Activity
Beneath this line sits some data. Return only its lines from the one holding "Black Walnut Flower" through the one holding "Townhouse for rent", inclusive, exactly, with the images removed.

Exercise material

********

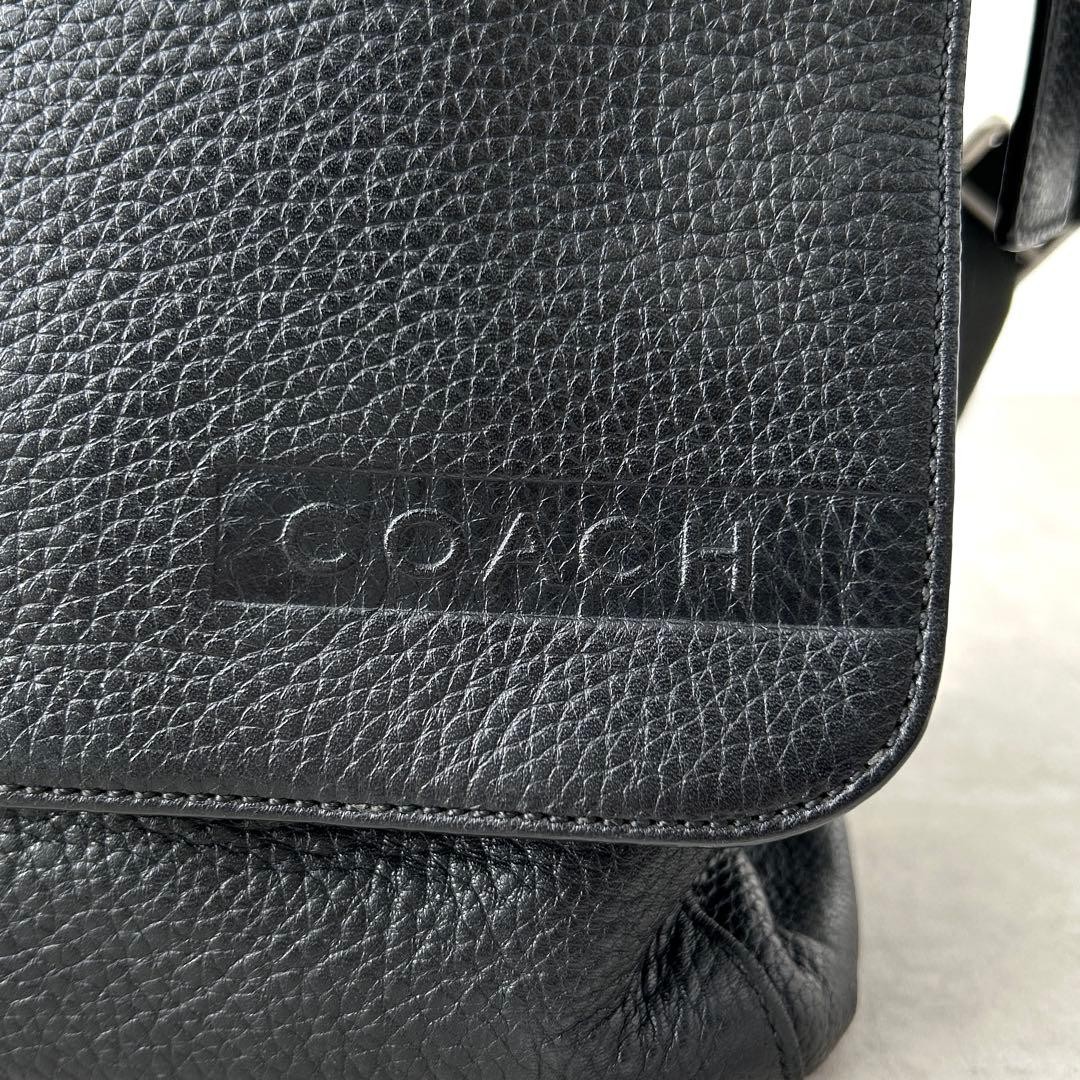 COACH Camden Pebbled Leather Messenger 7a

********

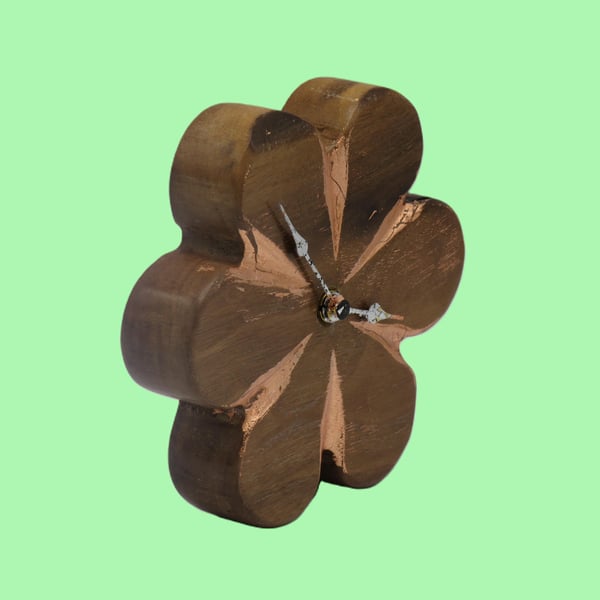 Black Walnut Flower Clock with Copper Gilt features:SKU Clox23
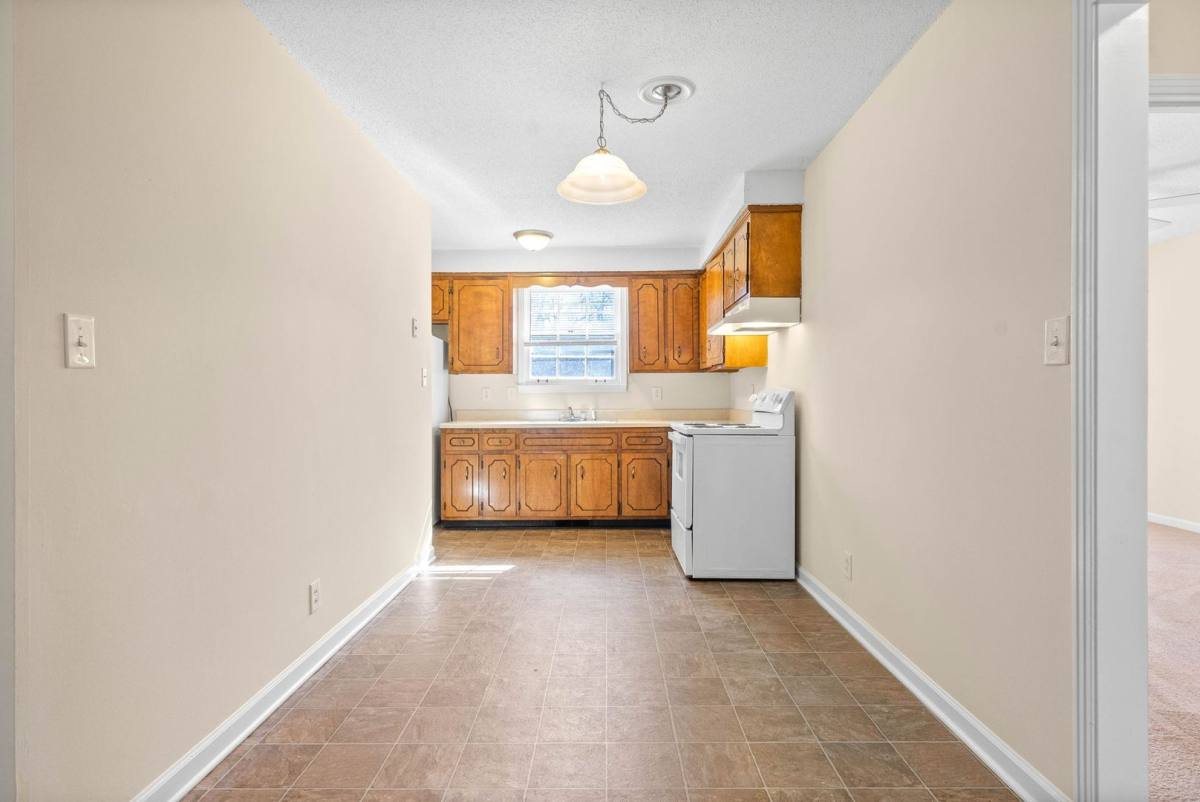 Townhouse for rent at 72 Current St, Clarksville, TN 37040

********

Answer section
 Black Walnut Flower Clock with Copper Gilt features:SKU Clox23
 Townhouse for rent at 72 Current St, Clarksville, TN 37040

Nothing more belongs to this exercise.